Release of New Album Brings Chet Baker, Aloof and Unattainable Despite Movie Star Looks, Further Into Focus
There seems to be a new live set or occasionally a Baker studio session from almost every month in the 1980s. I’ve heard dozens of them, and the miraculous thing is that they’re all special.

Chet Baker
‘Live In Paris: The Radio France Recordings 1983-1984’
Elemental Music
In 1952, a 21-year-old trumpeter from Oklahoma named Chet Baker established himself as one the few real superstars of contemporary jazz by both playing and singing with an unmistakable lyricism and at the same time an overwhelming intensity. And though he came from the Midwest and spent relatively little time in California, he was one of the foremost architects of what jazz fans came to think of as the West Coast Cool sound.
Baker attracted attention not only because of his remarkable playing — at once both commanding and intimate — but because of his movie star looks. His timing was perfect: He arrived just as the long-playing album and with it the album cover were being perfected. It was his image that helped make jazz converts out of no small number of straight women and gay men in the Eisenhower era.

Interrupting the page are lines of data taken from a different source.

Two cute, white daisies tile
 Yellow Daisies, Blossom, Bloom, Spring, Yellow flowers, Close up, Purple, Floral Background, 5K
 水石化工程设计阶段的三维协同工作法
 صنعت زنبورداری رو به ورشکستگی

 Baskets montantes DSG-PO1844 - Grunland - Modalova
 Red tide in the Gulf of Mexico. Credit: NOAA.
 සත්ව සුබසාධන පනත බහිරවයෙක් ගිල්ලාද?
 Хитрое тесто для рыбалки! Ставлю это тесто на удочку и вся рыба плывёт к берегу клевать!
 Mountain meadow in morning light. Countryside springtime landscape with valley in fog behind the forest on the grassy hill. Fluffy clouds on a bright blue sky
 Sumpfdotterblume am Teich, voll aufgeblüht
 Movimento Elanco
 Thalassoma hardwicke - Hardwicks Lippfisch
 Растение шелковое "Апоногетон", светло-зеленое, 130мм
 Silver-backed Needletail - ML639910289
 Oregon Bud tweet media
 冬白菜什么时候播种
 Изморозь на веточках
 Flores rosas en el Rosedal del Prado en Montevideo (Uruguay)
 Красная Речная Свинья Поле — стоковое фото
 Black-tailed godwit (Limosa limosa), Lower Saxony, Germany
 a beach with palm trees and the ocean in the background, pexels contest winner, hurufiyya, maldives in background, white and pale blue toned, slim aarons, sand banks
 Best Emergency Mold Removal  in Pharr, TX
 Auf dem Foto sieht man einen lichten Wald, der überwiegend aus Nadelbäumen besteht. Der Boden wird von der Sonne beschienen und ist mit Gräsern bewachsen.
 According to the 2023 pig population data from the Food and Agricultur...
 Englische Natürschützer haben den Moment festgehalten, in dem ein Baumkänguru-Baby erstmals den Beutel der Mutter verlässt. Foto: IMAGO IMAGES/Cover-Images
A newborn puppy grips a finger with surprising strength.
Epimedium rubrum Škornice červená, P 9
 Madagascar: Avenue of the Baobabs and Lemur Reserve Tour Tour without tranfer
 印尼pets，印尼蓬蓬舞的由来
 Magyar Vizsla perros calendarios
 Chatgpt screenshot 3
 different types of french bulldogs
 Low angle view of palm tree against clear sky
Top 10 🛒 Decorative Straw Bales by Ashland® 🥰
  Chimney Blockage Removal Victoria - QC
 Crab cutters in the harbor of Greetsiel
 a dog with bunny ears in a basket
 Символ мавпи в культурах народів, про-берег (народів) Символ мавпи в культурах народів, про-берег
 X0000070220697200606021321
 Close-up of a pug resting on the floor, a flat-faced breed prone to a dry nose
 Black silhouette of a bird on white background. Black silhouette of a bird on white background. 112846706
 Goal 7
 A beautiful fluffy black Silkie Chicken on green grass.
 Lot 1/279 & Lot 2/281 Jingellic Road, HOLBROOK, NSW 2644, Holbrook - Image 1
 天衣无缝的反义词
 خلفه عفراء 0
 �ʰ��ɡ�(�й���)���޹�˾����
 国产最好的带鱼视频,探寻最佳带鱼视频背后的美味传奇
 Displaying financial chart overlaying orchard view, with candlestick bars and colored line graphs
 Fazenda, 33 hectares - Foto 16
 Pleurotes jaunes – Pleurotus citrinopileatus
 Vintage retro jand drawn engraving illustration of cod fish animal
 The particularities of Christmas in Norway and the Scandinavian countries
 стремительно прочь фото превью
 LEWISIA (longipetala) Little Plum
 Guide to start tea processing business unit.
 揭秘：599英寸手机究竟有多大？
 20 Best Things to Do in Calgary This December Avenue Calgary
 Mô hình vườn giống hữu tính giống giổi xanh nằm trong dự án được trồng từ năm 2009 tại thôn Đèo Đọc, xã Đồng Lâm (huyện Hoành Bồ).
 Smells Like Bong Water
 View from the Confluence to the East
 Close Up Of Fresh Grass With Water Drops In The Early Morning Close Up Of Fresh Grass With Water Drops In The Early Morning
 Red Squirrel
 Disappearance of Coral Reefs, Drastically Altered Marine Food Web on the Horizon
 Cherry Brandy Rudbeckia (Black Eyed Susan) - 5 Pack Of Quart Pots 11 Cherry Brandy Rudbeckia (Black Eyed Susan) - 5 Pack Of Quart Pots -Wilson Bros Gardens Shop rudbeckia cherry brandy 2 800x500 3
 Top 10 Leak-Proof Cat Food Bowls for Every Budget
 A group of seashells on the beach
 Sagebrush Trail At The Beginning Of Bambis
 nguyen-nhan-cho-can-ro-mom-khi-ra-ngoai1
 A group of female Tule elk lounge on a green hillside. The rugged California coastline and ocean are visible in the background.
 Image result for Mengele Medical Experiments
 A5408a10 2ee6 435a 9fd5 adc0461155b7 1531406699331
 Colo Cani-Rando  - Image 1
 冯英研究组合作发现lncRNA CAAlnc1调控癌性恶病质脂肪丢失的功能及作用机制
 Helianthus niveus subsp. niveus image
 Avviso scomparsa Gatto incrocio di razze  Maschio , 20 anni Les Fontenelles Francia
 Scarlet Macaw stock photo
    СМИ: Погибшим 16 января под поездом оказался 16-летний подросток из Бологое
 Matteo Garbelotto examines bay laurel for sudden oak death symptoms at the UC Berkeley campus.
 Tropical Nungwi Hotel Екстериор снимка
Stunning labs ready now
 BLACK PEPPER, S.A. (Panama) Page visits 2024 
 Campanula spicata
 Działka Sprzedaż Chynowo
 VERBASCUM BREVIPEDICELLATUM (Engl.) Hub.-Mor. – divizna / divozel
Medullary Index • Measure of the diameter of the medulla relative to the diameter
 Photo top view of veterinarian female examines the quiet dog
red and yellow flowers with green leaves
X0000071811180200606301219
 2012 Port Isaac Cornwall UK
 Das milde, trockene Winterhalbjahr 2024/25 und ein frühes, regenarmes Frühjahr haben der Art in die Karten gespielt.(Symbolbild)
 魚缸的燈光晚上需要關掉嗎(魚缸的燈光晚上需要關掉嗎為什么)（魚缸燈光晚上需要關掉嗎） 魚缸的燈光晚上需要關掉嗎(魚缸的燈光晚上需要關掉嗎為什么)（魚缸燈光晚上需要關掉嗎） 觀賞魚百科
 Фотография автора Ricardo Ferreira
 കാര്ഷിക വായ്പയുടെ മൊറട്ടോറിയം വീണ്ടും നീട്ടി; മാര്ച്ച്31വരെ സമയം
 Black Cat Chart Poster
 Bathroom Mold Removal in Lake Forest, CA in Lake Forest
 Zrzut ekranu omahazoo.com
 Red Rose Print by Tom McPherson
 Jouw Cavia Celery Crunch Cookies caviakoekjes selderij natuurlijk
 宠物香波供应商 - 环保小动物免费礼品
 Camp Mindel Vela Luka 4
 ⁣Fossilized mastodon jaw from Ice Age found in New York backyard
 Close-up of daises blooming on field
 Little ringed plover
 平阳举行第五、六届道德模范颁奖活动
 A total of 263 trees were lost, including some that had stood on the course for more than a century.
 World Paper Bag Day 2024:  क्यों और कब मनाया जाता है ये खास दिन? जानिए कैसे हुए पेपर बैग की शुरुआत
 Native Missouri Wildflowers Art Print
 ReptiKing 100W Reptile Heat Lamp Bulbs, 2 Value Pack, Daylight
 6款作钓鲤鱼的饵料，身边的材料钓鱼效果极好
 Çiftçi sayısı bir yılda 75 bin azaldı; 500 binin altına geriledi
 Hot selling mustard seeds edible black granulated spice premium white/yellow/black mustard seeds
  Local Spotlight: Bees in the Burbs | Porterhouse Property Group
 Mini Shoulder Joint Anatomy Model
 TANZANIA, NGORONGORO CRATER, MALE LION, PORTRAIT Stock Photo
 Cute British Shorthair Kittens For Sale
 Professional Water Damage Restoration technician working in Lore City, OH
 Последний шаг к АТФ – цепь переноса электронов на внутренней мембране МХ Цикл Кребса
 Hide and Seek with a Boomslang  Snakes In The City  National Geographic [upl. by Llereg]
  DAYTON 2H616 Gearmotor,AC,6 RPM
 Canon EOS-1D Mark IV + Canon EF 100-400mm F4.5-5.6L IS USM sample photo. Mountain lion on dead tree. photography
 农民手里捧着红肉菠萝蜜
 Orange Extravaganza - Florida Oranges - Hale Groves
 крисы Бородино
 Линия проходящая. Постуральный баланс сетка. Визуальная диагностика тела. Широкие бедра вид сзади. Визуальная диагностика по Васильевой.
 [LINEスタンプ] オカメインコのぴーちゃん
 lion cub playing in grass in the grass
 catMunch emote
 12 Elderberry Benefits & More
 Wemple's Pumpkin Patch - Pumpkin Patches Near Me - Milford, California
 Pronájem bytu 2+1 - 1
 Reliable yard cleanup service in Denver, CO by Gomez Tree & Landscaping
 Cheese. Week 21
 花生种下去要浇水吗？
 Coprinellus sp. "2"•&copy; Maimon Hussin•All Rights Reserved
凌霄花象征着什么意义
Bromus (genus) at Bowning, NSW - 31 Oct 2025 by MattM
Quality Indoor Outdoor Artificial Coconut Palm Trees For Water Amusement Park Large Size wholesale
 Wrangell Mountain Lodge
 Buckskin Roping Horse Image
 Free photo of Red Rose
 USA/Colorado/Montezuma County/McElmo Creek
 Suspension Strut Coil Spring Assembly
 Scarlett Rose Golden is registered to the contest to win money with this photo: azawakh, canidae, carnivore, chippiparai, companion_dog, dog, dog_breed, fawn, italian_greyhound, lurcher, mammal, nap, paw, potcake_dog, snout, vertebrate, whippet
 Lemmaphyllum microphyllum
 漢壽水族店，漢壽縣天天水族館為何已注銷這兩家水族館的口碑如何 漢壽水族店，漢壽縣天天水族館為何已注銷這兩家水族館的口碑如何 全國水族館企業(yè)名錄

Yet there was something aloof and unattainable about him, just beyond reach: like a note that existed a mere half step beyond the range of any horn. As James Gavin shows in his definitive biography, “Deep in a Dream: The Long Night of Chet Baker,” for all of his amazing God-given talent and looks, he was a perennial screw-up, an unrepentant addict who was forever running afoul of both law enforcement and the mob.
Baker was that rare musician who served as the living emblem of an era, yet a new set of previously unreleased club recordings, “Live In Paris: The Radio France Recordings 1983-1984,” shows how he kept evolving as an artist into his 50s. Sadly, that turned out to be his final decade.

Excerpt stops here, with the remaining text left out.